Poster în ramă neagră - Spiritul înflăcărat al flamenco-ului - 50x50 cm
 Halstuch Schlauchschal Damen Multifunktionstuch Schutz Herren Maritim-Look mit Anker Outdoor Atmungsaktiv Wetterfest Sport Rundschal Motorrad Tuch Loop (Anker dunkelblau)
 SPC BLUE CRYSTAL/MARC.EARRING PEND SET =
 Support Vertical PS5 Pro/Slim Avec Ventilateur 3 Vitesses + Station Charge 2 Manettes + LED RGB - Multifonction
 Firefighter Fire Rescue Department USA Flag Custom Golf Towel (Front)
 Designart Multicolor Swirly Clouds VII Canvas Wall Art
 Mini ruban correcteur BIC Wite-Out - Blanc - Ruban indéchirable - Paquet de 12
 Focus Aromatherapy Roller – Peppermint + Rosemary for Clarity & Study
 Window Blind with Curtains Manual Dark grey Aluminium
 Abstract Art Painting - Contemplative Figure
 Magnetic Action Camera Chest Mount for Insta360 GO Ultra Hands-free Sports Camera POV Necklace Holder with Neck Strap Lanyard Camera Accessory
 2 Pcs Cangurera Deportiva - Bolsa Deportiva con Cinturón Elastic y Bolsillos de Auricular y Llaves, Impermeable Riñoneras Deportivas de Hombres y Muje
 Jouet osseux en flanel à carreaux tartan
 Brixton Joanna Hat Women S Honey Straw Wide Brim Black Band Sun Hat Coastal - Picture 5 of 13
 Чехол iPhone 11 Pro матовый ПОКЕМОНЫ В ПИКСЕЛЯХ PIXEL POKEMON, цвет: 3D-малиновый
------------------------------------------------------------------------
:: What to work on ::
Repeat only the lines starting at the one that contains "Brixton Joanna Hat" and ending at the last line above, exactly as written.

:: Answer to the exercise ::
 Brixton Joanna Hat Women S Honey Straw Wide Brim Black Band Sun Hat Coastal - Picture 5 of 13
 Чехол iPhone 11 Pro матовый ПОКЕМОНЫ В ПИКСЕЛЯХ PIXEL POKEMON, цвет: 3D-малиновый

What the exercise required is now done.